Die heurige Tour ist zweigeteilt. Zuerst Flachetappen und Wind für die Sprinter, dann Bergetappen für die Kraxler. Und der Wind ist wichtig für einen Wein, der so nahe an der Bretagne wächst, dass er schon ein bissl als bretonischer Wein gilt und in den Gaststätten dieser Region auch überproportional stark vertreten ist, den Muscadet. Wenn von dem die Rede ist, kommt oft schnell ein Klischée: Massenware, ausdruckslos, bestenfalls noch Austernwein. Und dort wo er wächst, kann man die salzige Meeresluft der Bänke, wo die Austern gefangen werden, riechen, anders als in Chablis und Sancerre, die auch als Austernweine gelten. Wobei Monsieur Rudolf lieber Muscadet mit Chablis oder Sancerre, vielleicht auch alle drei miteinander kombiniert, als irgendeinen Wein mit Austern.

Stein und Obst

Eine aromatisch eher neutrale Rebsorte wie der Melon de Bourgogne, der ausschließlich für den Muscadet zugelassen ist, hat es sicher beträchtlich schwerer als Chenin Blanc, Riesling oder Sauvignon Blanc. Deshalb wollte der Organisme de Gestion du Muscadet für die „Vins génériques“, das sind die regionsweiten Weine ohne Ortsergänzung, eine Genehmigung, neben dem Melon de Bourgogne auch Colombard, Chardonnay und Sauvignon Gris verwenden zu dürfen. Bemerkenswerte Begründung: Man will aromatischere Weine, die auch Jugendlichen zugänglich sind, offerieren. Vorschnell könnte das Zweifel am Geschmack der Jugend wecken. Aber wer weiß, ob der Organisme de Gestion du Muscadet letztere kennt?

Kaufleute und Radfahrer

Schuld daran, dass in den Muscadet nur Melon de Bourgogne hinein kommt, sind sowieso diese holländischen Kaufleute. Die haben den Bretonen im 17. Jahrhundert eingeredet, dass sie diese Rebsorte forcieren sollen, weil sie sich gar trefflich destillieren lässt. Bleibt zu hoffen, dass die Radler, ihre Funktionäre, Begleiter, Apotheker und Anhänger an den ersten beiden Tour-Tagen wenigstens ordentlich Muscadet zu sich nehmen.
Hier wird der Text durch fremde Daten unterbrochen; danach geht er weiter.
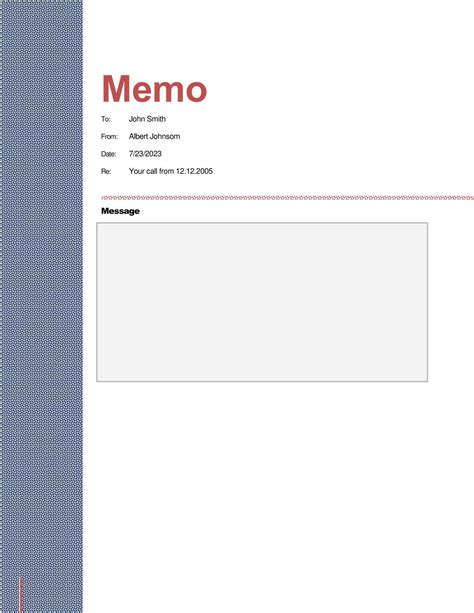 Business Memo Format 的图像结果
Das ist sauberer Radsport.

Kelten und Pariser

Und dann muss man natürlich schon auch dazu sagen, dass die Bretonen – den Savoyarden nicht ganz unähnlich – ganz gerne Extrawürstel braten. Vielleicht hat sich das auch in der Rebsortenwahl niedergeschlagen. Armorika, die Grafschaft am Meer, ist im sechsten Jahrhundert von den Kelten beglückt worden, weil die Angeln und Sachsen drüben keinen Wert auf deren Präsenz gelegt haben. Zu veritablen Fans der Zentralregierung in Paris hat das und alles seither Geschehene die Bewohner des Pays Nantais nicht gemacht.

Osten und Westen

Quasi als Grenzstadt zwischen Kult und Muscadet könnte man Angers betrachten, wobei das auch nicht ganz stimmt, weil westlich von Angers noch ein bissl Chenin Blanc auf Schieferböden wächst. Östlich gibt es auf alle Fälle Kultkalk aus dem Jura und der Kreidezeit, westlich Urgestein aus dem Massif Armoricain, dem Skelett des seinerzeit ziemlich gewaltigen herzynischen Gebirges aus Schiefer, Granit und dem noch härteren vulkanischen Gabbro, auf dem der Gorgeois von Michel Brégeon gewachsen ist.

Schmetterlinge und Monate

Die Region Muscadet hat die Form eines Schwalbenschwanzschmetterlings, dessen Kopf die Stadt Nantes darstellt. In der Mitte des Schwanzes rinnt die Sèvre und an der Sèvre liegt ein Weinberg aus dem magmatischen Gabbro für den Cru Gorgeois. Der muss 24 Monate auf der Feinhefe ausgebaut werden, damit die Cru-Bezeichnung auf das Etikett darf. Der von Monsieur Brégeon war 89 Monate auf derselben.
In gar nicht so wenigen Kreisen, die sich mit Wein befassen, gilt Mineralität als das Qualitätskriterium schlechthin. Möchte man meinen, dass der Muscadet an und für sich da prädestiniert wäre. Wie auch immer, Caviste Rudolf mag Muscadet, für den Muscadet von Michel Brégeon fährt er sowieso bis an den untersten Unterlauf der Loire, wenn es sein müsste auch ein paar Gewässer weiter und er hat sich wie ein Christkindl gefreut, dass er den vom Maître lui-même in sein Sortiment aufnehmen dürfen hat.

Meister und Nachfolger

Drum ist es dem Rudl ein Plaisir, in der ersten Tour-Woche endlich die Muscadet-Vertikale von Michel Brégeon öffnen zu dürfen: 2002, 2004 und 2005 von den rabiat langen Feinhefekontakten in der Burgunder-Flaschen und 2006, 2007, 2009, 2010 und 2011 vom Muscadet Sèvre-et-Maine in der klassischen Sur-lie-Flasche. Und der Elfer ist der erste Jahrgang, den Michel Brégeon im Ruhestand mitgekeltert hat. Hauptverantwortlich war sein Nachfolger Fred Lallier.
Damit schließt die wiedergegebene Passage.